Reads the spherical harmonic data provided by JPL.

Parameters:

Name	Type	Description	Default
`file_path`	`str`	Absolute path to the file.	required

Returns:

Name	Type	Description
`tuple`		A tuple containing: - jpl_header (dict): Parsed header information. - jpl_data (dict): Extracted spherical harmonic coefficients data.

Source code in pyshbundle/io.py

def parse_jpl_file(file_path: str):
    """
    Reads the spherical harmonic data provided by JPL.

    Args:
        file_path (str): Absolute path to the file.

    Returns:
        tuple: A tuple containing:
            - jpl_header (dict): Parsed header information.
            - jpl_data (dict): Extracted spherical harmonic coefficients data.
    """
    # ensure that the file path is valid then proceed

    source = 'JPL'

    # check if the file is ziped or not

    if file_path[-3:] == '.gz':
        # open the file and read the lines
        with gzip.open(file_path, 'r') as file:

            # read the file line wise -> obtain a list of bytes
            info_lines = file.readlines()
            num_lines = len(info_lines)

            for i in range(len(info_lines)):
                # find the end of header sentence in the text file
                if str(info_lines[i]) == str(b'# End of YAML header\n',):
                    end_of_header_idx = i
                    break

        # everything after the header is the numerical data    
        header_info = info_lines[:end_of_header_idx]

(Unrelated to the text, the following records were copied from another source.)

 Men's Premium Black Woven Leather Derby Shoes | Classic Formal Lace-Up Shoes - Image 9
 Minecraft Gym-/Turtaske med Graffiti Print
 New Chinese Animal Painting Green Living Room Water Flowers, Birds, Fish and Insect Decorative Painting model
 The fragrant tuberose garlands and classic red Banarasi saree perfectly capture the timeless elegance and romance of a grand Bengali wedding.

        # parse the header strings to extract relavant metadata info
        jpl_header = parse_jpl_header(header_info)

        # parse the header strings to extract relavant metadata info
        jpl_data = extract_SH_data(file_path, source='itsg')

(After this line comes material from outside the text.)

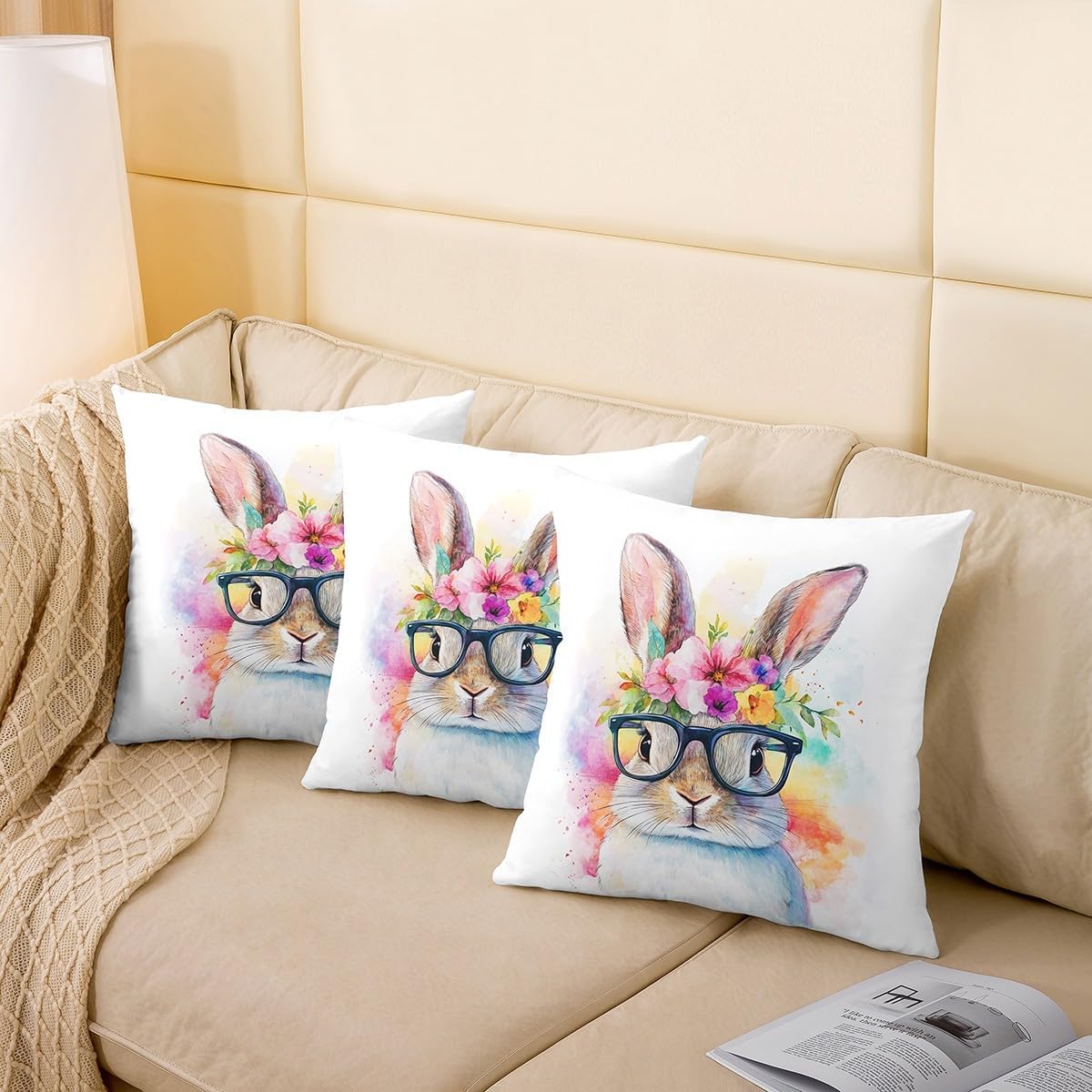 Kawaii Rabbit Pillow Covers 24"x24",Watercolor Farmhouse Rabbit Cushion Covers for Couch Sofa, Wild Aniamls Themed Outdoor Pillow Covers,Rustic Flowers Leaves Reversible Throw Pillow Covers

    return jpl_header, jpl_data

`read_GRACE_SH_paths(use_sample_files=0)` ¶

Returns path of data files, path of tn13 and path of tn14 replacement files.

Parameters:

Name	Type	Description	Default
`use_sample_files`	`int`	Defaults to 0.	`0`

Raises:

Type	Description
`Exception`	If the source selection is incorrect.

Returns:

Name	Type	Description
`tuple`		path_sh (str): Path of data files. path_tn13 (str): Path of tn13 replacement file. path_tn14 (str): Path of tn14 replacement file. source (str): Source of the SH files (JPL, ITSG, or CSR).

Remarks

The purpose of this script is to: - Read what the data source is (JPL, CSR, or ITSG). - Read file path for GRACE L2 spherical harmonics inputs. - Read replacement files for tn13 and tn14. - Identify the source of the SH files (JPL, ITSG, or CSR).

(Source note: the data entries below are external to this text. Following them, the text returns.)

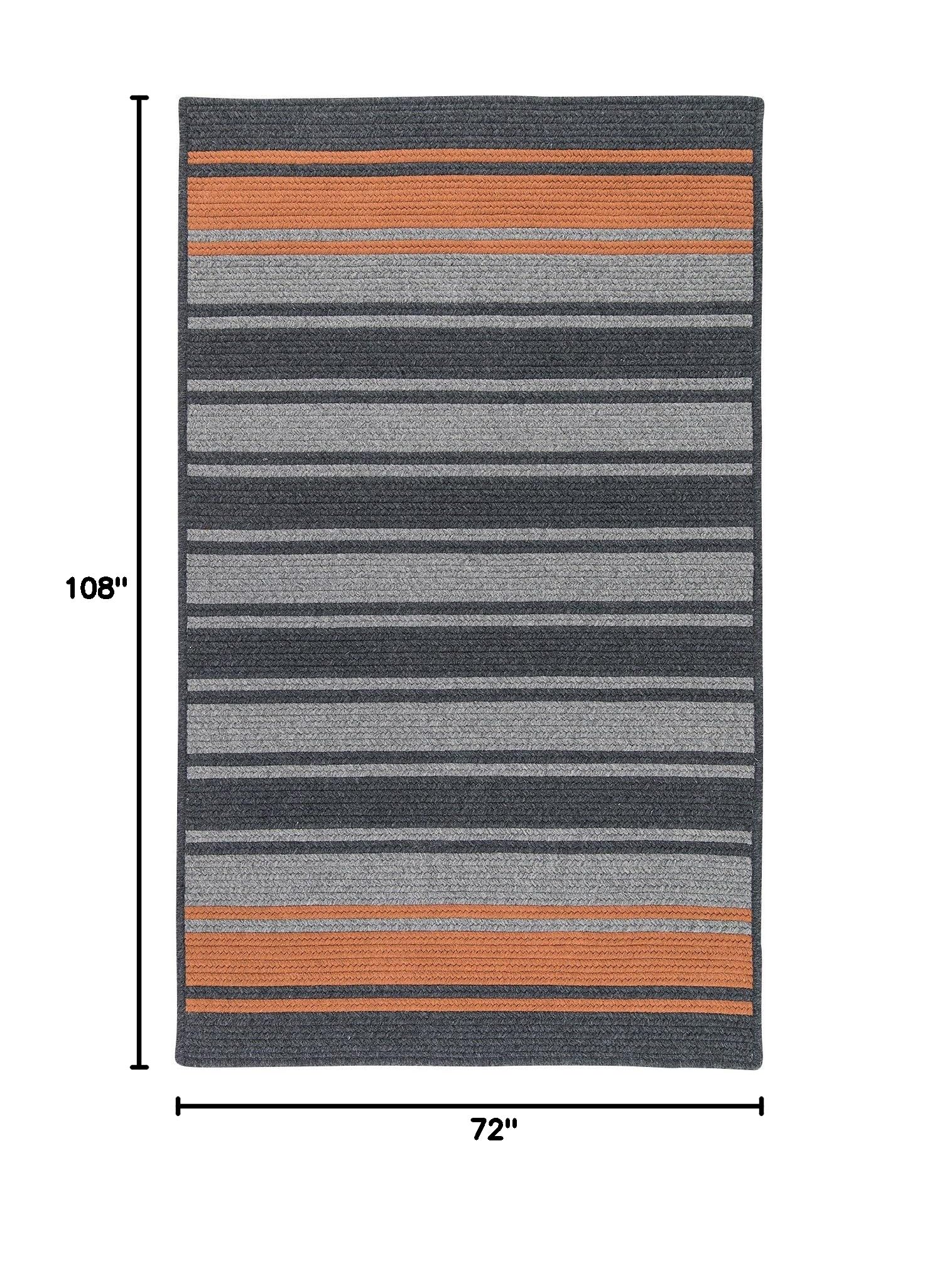Frazada Stripe Area Rug 6x9 Feet - Soft Handwoven Wool Rug in Charcoal & Orange for Living Room, Bedroom, or Dorm Decor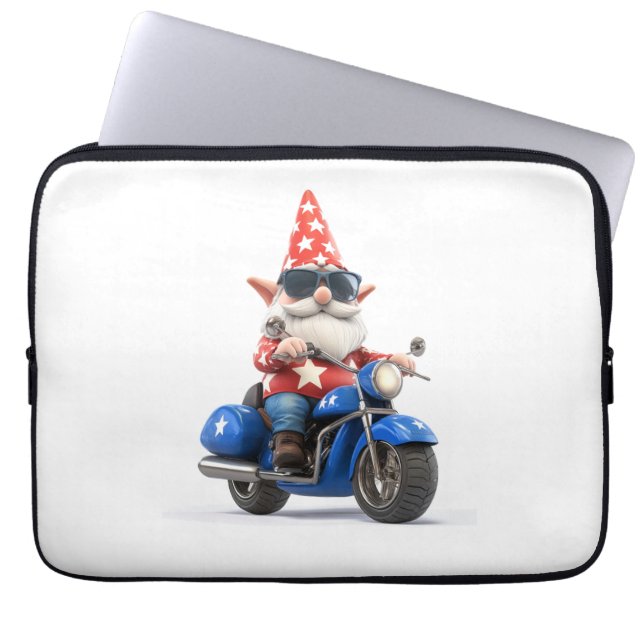 American Gnome Riding Motorcycle Laptop Sleeve (Front)
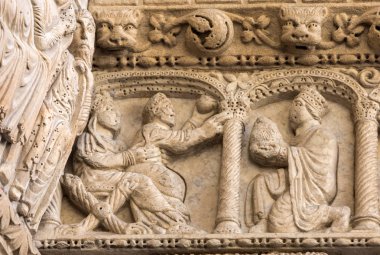 Batı portal Saint Trophime Katedrali Arles, Fransa ayrıntıları. Bouches-du-Rhône, Fransa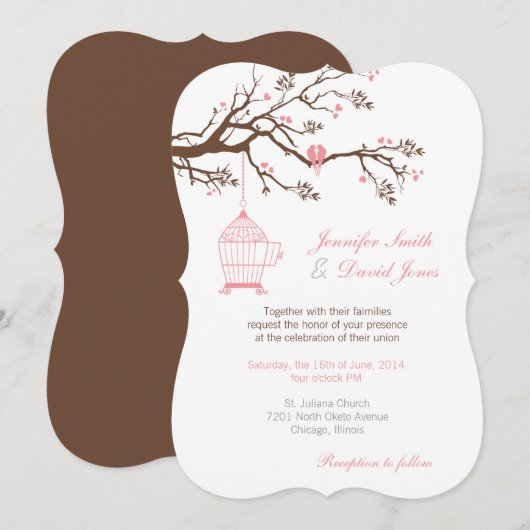 Invitation Petites Inséparables douces (Devant / Derrière)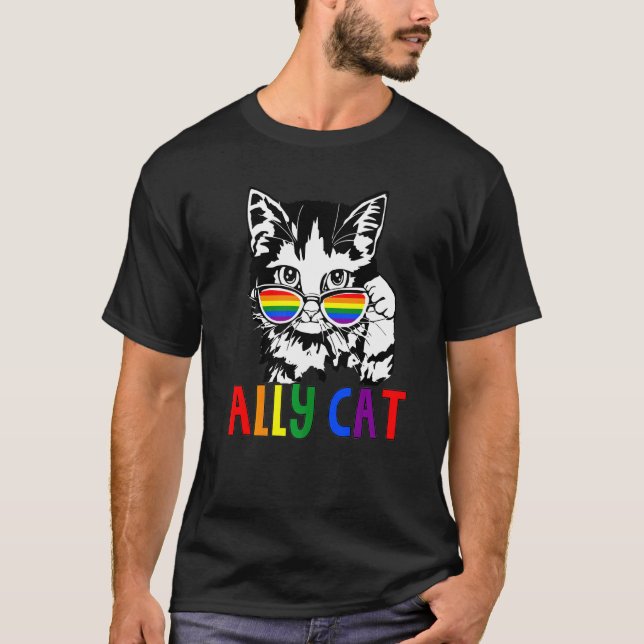 Ally Cat Lgbt Flag Gay Pride Ally Rainbow Mens Wom T-Shirt (Front)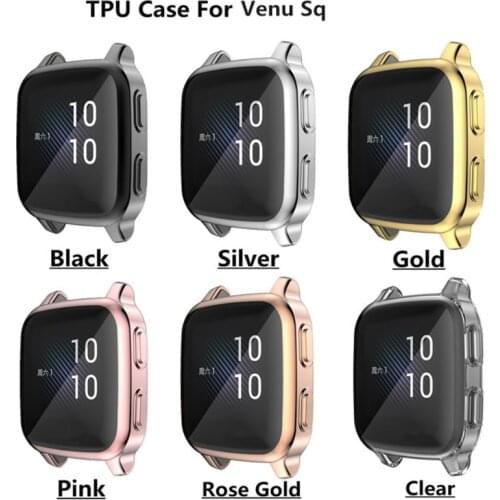 Protection Case For -Garmin Venu SQ Smart Watch Plating TPU Soft Cover Full Screen Protector Shell For -Garmin Venu Sq Case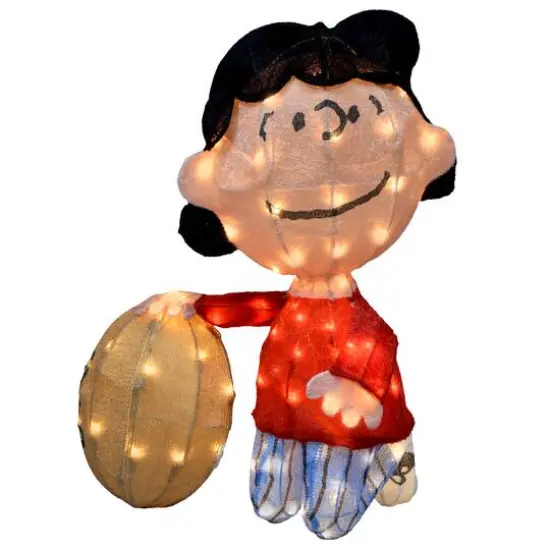 2.5ft. LED Peanuts Lucy with Football & Charlie Brown Yard Art {7}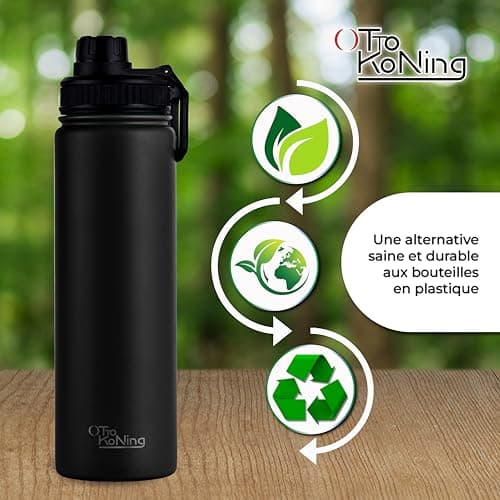 Gourde Isotherme 750 ml en Acier Inoxydable Double Paroi - Garde le Froid 16h & le Chaud 10h, Anti-fuite Sans BPA pour l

Source code in pyshbundle/io.py

def read_GRACE_SH_paths(use_sample_files = 0):
    """
    Returns path of data files, path of tn13 and path of tn14 replacement files.

    Args:
        use_sample_files (int, optional): Defaults to 0.

    Raises:
        Exception: If the source selection is incorrect.

    Returns:
        tuple: 
            - path_sh (str): Path of data files.
            - path_tn13 (str): Path of tn13 replacement file.
            - path_tn14 (str): Path of tn14 replacement file.
            - source (str): Source of the SH files (JPL, ITSG, or CSR).

    Remarks:
        The purpose of this script is to:
        - Read what the data source is (JPL, CSR, or ITSG).
        - Read file path for GRACE L2 spherical harmonics inputs.
        - Read replacement files for tn13 and tn14.
        - Identify the source of the SH files (JPL, ITSG, or CSR).
    """
    #Created on Fri Feb  17 2023
    #@author: Amin Shakya, Interdisciplinary Center for Water Research (ICWaR), Indian Institute of Science (IISc)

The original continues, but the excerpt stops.